Extracted data: Begin

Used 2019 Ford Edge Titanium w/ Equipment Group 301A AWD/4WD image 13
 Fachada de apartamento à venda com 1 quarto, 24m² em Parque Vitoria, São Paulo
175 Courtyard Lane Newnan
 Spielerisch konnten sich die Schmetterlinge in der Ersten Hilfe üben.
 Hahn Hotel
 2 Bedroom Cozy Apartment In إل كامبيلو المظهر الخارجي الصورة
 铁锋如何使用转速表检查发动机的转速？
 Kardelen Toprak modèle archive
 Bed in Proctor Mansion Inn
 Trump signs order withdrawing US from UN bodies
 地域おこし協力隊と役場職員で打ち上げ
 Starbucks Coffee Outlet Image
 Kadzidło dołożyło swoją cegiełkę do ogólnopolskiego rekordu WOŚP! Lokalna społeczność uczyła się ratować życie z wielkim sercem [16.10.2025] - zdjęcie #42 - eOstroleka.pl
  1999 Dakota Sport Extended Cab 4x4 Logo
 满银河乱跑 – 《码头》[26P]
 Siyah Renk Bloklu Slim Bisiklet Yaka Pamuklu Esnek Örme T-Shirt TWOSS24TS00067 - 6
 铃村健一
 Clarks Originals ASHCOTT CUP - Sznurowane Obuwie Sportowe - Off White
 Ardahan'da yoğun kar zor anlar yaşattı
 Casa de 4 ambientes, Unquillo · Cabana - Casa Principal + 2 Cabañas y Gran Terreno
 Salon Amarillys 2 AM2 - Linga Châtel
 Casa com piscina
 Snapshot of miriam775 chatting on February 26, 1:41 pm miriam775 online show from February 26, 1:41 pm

Extracted data: End

What the task asks —
The answer is the line holding "Casa de 4 ambientes, Unquillo" and all the lines after it through the end of the records, repeated exactly.

Exercise result —
 Casa de 4 ambientes, Unquillo · Cabana - Casa Principal + 2 Cabañas y Gran Terreno
 Salon Amarillys 2 AM2 - Linga Châtel
 Casa com piscina
 Snapshot of miriam775 chatting on February 26, 1:41 pm miriam775 online show from February 26, 1:41 pm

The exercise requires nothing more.